Thursday, March 18, 2010

The End of 10-Percenters?

It may be the end of an era in Ottawa, as MPs have voted to trash 10-percenters. Sadly Canadians may need to turn to other sources to find out about Michael Ignatieff's secret coalition plans, and what who Stephen Harper is trying to kill.

MPs have voted to put a stop to the practice of mailing taxpayer-funded political flyers to voters outside their own ridings.

In a surprisingly close result, MPs passed Tuesday a Liberal motion to scrap the so-called ten percenters by a vote of 140-137.

New Democrats, who had argued in favour of retaining the right to communicate with voters all across the country, ended up supporting the motion, which included several other proposals aimed at saving the government more than $1-billion annually.

The Bloc Quebecois also supported it while Conservatives, who've made the most use of the mailouts, were opposed.


Even though the Liberals are trumpeting this as a binding motion, in reality, we've descended into the kind of procedural grey water that only Kady O'Malley, and maybe 1 or 2 of the party whips actually understand. From what I've read, it appears a super secret all-party committee will be discussing this on Monday. Complicating the issue is that Stephen Harper has shown a willingness to respect the vote he lost, while Jack Layton is suffering some buyers remorse on the vote he won:

In fact, the NDP, which voted for the Liberal motion, may be the party that gets the Conservatives off the hook on the bulk-mailing issue.

NDP Leader Jack Layton launched a blistering tirade against "King Stephen Harper" only to waffle when it came down to whether his party would actually support the ten-percenter ban behind the closed doors of the Board of Internal Economy meetings.

"There were some (measures in the motion) where we would have done it slightly differently and so we'll have to take those issues up at the Board of Internal Economy," Layton said when pressed on the ban.

His party House leader, Libby Davies, indicated the ten-percenter vote may be the jumping-off point for a negotiation over bulk mail.

"We believe we've got to focus on the abuses and not rule out what is a legitimate use of ten-percenters by members outside of their own ridings," Davies, who sits on the board, said in an interview.

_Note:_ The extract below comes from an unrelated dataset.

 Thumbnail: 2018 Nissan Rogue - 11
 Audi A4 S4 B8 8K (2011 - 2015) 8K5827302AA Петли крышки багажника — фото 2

So they voted for it, even though they're against it. O...K...

And no one, not even the Liberals, seem to be pretending that the rest of the motion - which calls for the government to slash a billion dollars in partisan advertising and consultant expenses - has a chance of actually happening.

But, just to toss a nutty idea out there - what if the Liberals agreed to a 5 year phase-out of the public vote subsidy? They're closing the fundraising gap on the Tories, and losing the subsidy would hurt the NDP, Bloc, and Greens more than the Liberals. Here's the percentage of revenue each party generates from the subsidy:

CPC 37%
Lib 43%
NDP 55%
Green 62%
Bloc 82%

In exchange, the Conservatives would agree to trash the billion dollars in partisan expenses the Liberal motion calls for. Because I'd wager the Conservatives are getting more value from that than they are from either their subsidy or fundraising dollars.

I doubt it would happen, but it's something to think about.

15 Comments:

  • Why not dump the subsidy in exchange for raising the personal donation limit back to $5000, with union and corporate donations still banned.

    I'd go for that.

    By Blogger Jeff Jedras, at 7:02 PM  

  • Is it likely Harper will want to dump the subsidy if it hurts the NDP more than the LPC? Wouldn't that be the kind of thing that drives the parties to discuss uniting into one?

    Even if there is not talk about merging, doesn't it benefit Harper if the NDP are competitive? Taking a large source of their funding away would hurt that, especially since the LPC fundraising machine is getting better.

    By Blogger Gayle, at 7:08 PM  

  • a billion dollars in partisan advertising and consultant expenses

    WHAT???

    A billion dollars???

    Let me get this straight... it's "bad" when the Liberals steal, but it's okay for all the parties to get together and spend a BILLION dollars on their moronic clown-act (while killing trees at the same time)???

    Ugh... what the Smurf happens to people's heads upon being elected, anyway???

    By Blogger Jacques Beau Vert, at 8:04 PM  

  • Jeff - Not a bad suggestion. And it would be reasonable since the parties need to raise cash to make up for the loss of the subsidy.

    Gayle - Harper has tried to dump the subsidy before and seems to still want to.

    Jacques - most of the billion comes from government advertising (all those lovely economic action plan ads). I think the 10-percenters only run about 20-30 million a year.

    By Blogger calgarygrit, at 8:47 PM  

  • Jeff - Not a bad suggestion. And it would be reasonable since the parties need to raise cash to make up for the loss of the subsidy.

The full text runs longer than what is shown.